### Task
Every line from the top of the records through the line containing "Goldzino Casino Game Developer Mobile" should be retyped exactly; the pictures should not.

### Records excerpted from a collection
[Start of section]

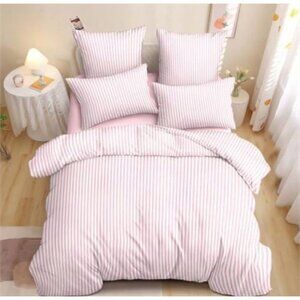 Nayoroom Pink Striped Duvet Cover Queen Size 3-Piece Lightweight Bedding Set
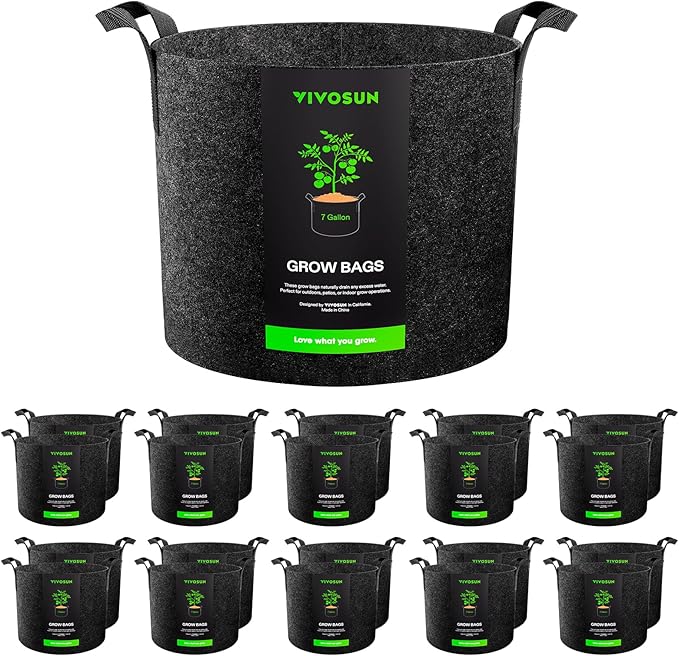 VIVOSUN 20-Pack 7 Gallon Grow Bags, Heavy Duty Thickened Nonwoven Fabric Pots with Handles for Flowers Fruits and Vegetables Black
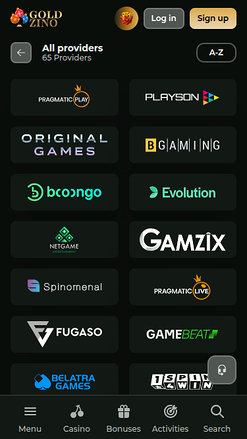 Goldzino Casino Game Developer Mobile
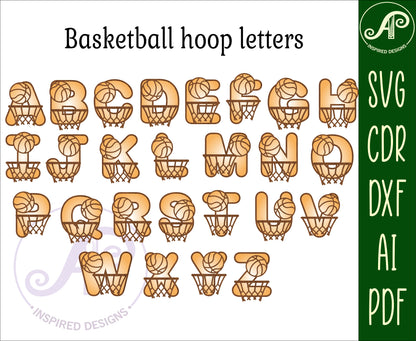 Basketball bulk alphabet letter set. 112 letter options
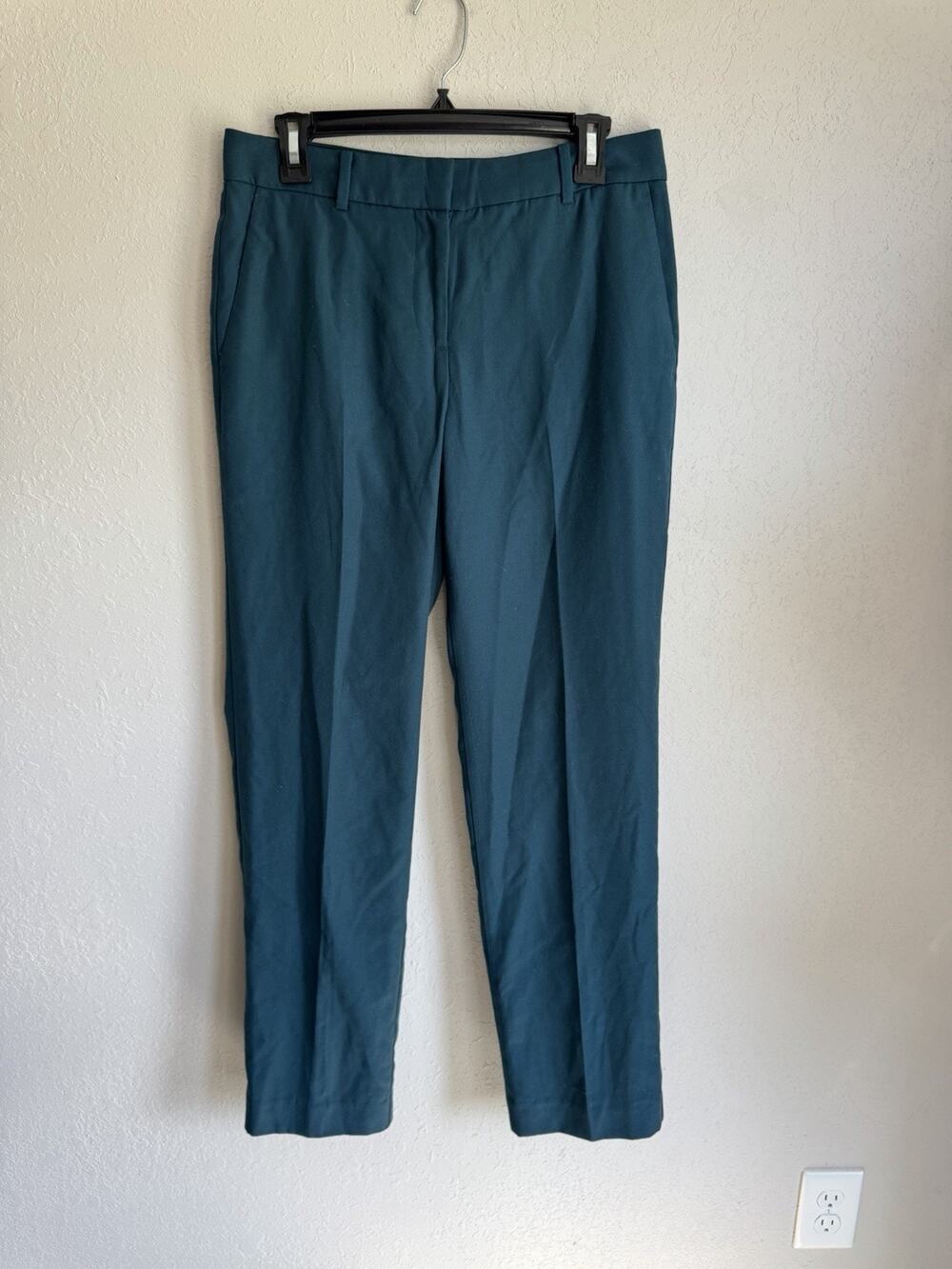 NWT Ann Taylor Teal Slim Straight Leg Trouser Pants Womens 2 Careerwear Office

[End of section]

### Reply
 Nayoroom Pink Striped Duvet Cover Queen Size 3-Piece Lightweight Bedding Set
 VIVOSUN 20-Pack 7 Gallon Grow Bags, Heavy Duty Thickened Nonwoven Fabric Pots with Handles for Flowers Fruits and Vegetables Black
 Goldzino Casino Game Developer Mobile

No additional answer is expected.